Sen. Josh Hawley, R-Mo., appeared at a General Motors plant in Wentzville, Missouri, earlier this week to join members of the United Auto Workers on the picket line against the Big Three automakers. There, he called himself “pro-worker,” challenged the companies to give workers a pay raise and more time off, and said he’s with the workers “100 percent.”
While he is rallying against the Big Three now, he has previously received campaign contributions from the automakers. During his first run for Senate in 2018 and through 2020, Hawley’s PAC received $8,500 from GM’s PAC, according to records filed with the Federal Election Commission. His Senate campaign received $3,500 from Ford’s PAC and another $1,000 from a GM executive during that same time period. His PAC and campaign received an additional $13,000 from PACs associated with Toyota, a Japanese company notorious for running non-union shops in the United States.
Asked about the donations, a spokesperson for Hawley pointed to the senator’s 2021 promise to no longer accept money from corporate PACs.
As he’s expressed solidarity with the workers — now two weeks into their strike against GM, Ford, and Stellantis — the senator has also insisted, like many in his party, that the transition to electric vehicles is to blame for the plight of workers because it sends more jobs to China. That position puts him at odds with the United Auto Workers, whose president recently lauded the Biden administration for rejecting “the false choice between a good job and a green job.”
Hawley’s apparent show of solidarity with the workers was met with skepticism from organized labor, which has historically been critical of his records on workers’ rights. The American Federation of Labor and Congress of Industrial Organizations, or AFL-CIO, has given Hawley a 12 percent lifetime score, and the UAW gave him a 0 percent rating when it last scored him in 2019. The senator has generally aligned himself with his party’s anti-union stance, though he has softened some of his positions in recent years, including a vote to prevent a contract from being imposed on rail workers and stated opposition to a federal “right-to-work” law.

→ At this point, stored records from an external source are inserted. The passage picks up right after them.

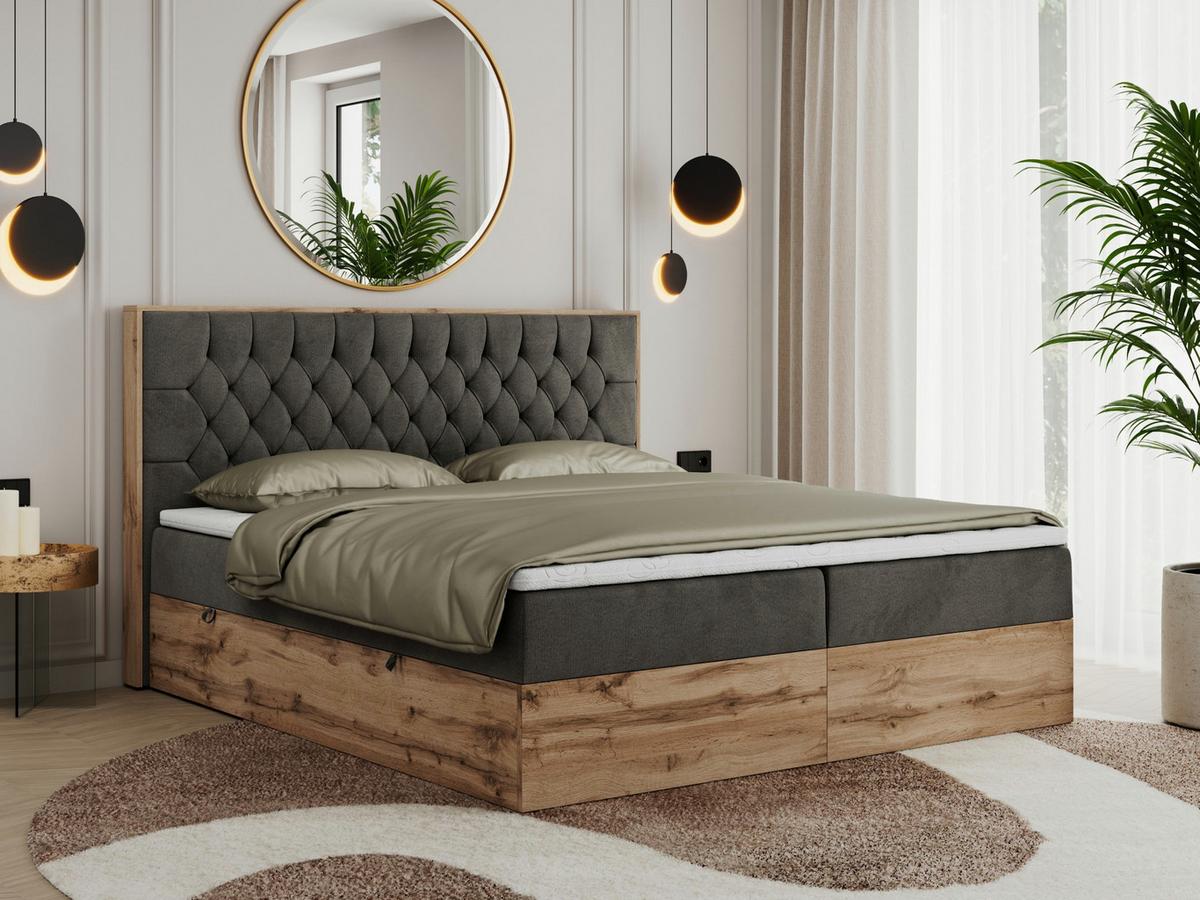 BOXBETT AMORE 160/200 Dunkelgrau Velvet - H4 - Dunkelgrau, Holz/Textil (160/200cm) - MKS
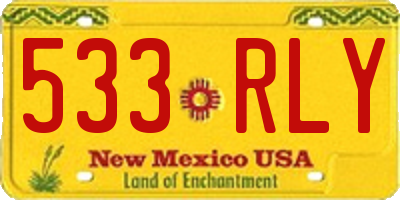 NM license plate 533RLY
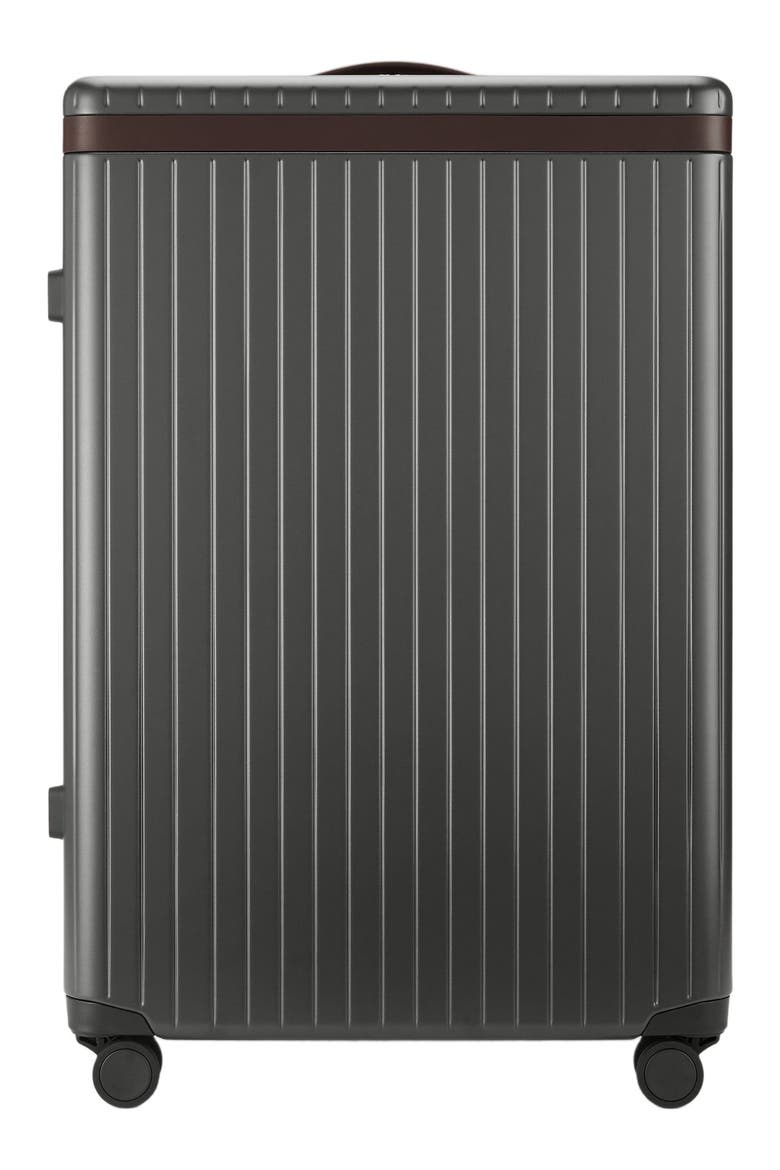 The Large Check-in Suitcase, Main, color, Grey / Chocolate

David Cook, president of United Food and Commercial Workers Local 655 and Missouri AFL-CIO board member, found Hawley’s appearance “deplorable, disingenuous, and disgusting,” adding that Hawley was “nowhere to be found” when workers at the Wentzville plant were on the picket line in 2019. “This is clearly nothing but a personal political maneuver to try to defraud the voters of Missouri about who he really is,” Cook told The Intercept.
“You simply need to look at his voting record to understand what he feels about workers’ rights and in particular union member rights,” Cook added.
Hawley has opposed the Biden administration’s efforts to boost production of electric vehicles and the batteries and infrastructure needed to power them in the United States. That position on its own belies true support for workers, Cook said. “I am not sure how you can portray yourself as being concerned for workers’ rights and welfare,” he said, “if you are not willing to address the biggest issue out there which affects all people and that is the recent surge in extreme weather events.”
The UAW, for its part, has at times criticized the Biden administration for its investments related to the green transition: for example, for sending money to plants with no wage, working condition, or union guarantees. UAW President Shawn Fain has so far withheld the union’s endorsement of the president, saying that any endorsement would have to be earned, expecting “actions, not words.” Joe Biden, in his historic appearance on the picket line this week — and his affirmation that if companies are getting “record profits,” the workers should be getting “record contracts” — displayed a receptiveness to Fain’s challenge.
In Congress, Hawley has opposed measures that are important to workers. He opposes the PRO Act, a federal bill backed by the UAW that aims to empower workers to organize and join a union and protect them from corporate retaliation. Just this week, he told Insider that the act would “hurt workers more than it helps.” Hawley also joined the rest of his party in opposing Biden’s nominee to lead the Labor Department, Julie Su — a nomination supported by much of organized labor.
Since entering the Senate in 2019, Hawley has moderated his position on some issues pertaining to workers. While he supported a 2018 ballot referendum to impose anti-union “right-to-work” laws that was ultimately rejected by voters, Hawley has since said he would not “countermand” the will of the voters and does not support it at the federal level. That same year, Missourians voted to increase the minimum wage to $12. Hawley derided the idea as being “out of the mainstream.” Since then, though, he has introduced legislation to require billion-dollar companies to pay their workers a $15 minimum wage.
Cook argues that there are clear ways for a senator to prove themselves as being pro-worker. Citing polls that show broad American support for unions, Cook noted that still, union membership is low. “If senators would worry about working towards getting more workers the right to unionize rather than spending their time talking about shutting down the government, frivolous impeachments hearings, or just looking for a microphone to get personal attention, workers would be better served.”